Segment Start: EXTRACTED ENTRIES

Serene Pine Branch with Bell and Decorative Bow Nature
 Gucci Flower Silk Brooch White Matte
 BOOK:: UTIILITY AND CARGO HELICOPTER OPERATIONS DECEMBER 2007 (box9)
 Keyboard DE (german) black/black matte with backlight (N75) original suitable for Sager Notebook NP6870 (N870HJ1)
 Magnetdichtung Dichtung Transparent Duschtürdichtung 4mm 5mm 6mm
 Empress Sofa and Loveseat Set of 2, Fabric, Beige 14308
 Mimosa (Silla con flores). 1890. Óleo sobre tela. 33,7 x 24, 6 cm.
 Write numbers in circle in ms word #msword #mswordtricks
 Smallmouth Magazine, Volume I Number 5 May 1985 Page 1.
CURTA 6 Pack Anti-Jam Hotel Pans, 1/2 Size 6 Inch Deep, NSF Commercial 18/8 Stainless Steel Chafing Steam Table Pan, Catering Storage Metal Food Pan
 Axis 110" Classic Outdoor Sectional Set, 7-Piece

Segment End: EXTRACTED ENTRIES

- [EXERCISE INSTRUCTIONS] Across the whole listing above, tally each line where the string "with" occurs, and give the number and nothing more.

- [FINISHED EXERCISE] 2